En este contexto, ha afirmado Benedicto XVI, “no bastan nuevos métodos de anuncio
evangélico o de acción pastoral para hacer que la propuesta cristiana encuentre mayor
acogida”. Como señala el Concilio Vaticano II, se trata de “recomenzar desde Dios,
celebrado, profesado y testimoniado. (…) Nuestra primera, verdadera y única tarea es la
de comprometer nuestra vida por aquello que (…) es verdaderamente fiable, necesario y
último. Los hombres viven de Dios, que a menudo buscan inconscientemente o con
tanteos para dar pleno significado a la existencia.
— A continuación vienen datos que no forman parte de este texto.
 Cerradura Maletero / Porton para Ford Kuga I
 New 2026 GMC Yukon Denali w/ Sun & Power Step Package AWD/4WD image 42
Nosotros tenemos la tarea de
anunciarlo, mostrarlo, de guiar al encuentro con Él” (ib.)
Estamos cada vez más cerca de contiendas electorales en el contexto democrático de
nuestra vida nacional. En Trujillo Nuestra Señora de la Paz nos bendice y nos recuerda que
la paz es fruto del amor, la justicia y la solidaridad. A la Virgen le pedimos paz para nuestro
país y para el mundo. En este momento electoral de Venezuela nuestro compromiso será
trabajar por desterrar resentimientos, discordias, mezquindades y partidismos. La meta es
construir la Venezuela de todos y para todos, velar por la democracia participativa, la
solidaridad y la paz. No podremos enfrentar los problemas que nos afligen como sociedad
si dejamos a un lado el mensaje del evangelio que nos llama a que “todos seamos uno” en
el amor. Como san Francisco de Asís oraba, que el Señor nos haga instrumentos de su
paz.
Nuestra Señora de la Paz: ruega por nosotros para que, como tú, sepamos ser
constructores de la paz, que “pongamos amor donde no hay amor” (san Juan de la Cruz).
Bendícenos desde lo alto para que desde aquí, desde la tierra donde hay dolor y miseria,
pongamos los cimientos de una tierra nueva y un cielo nuevo (Ap. 21,1-4).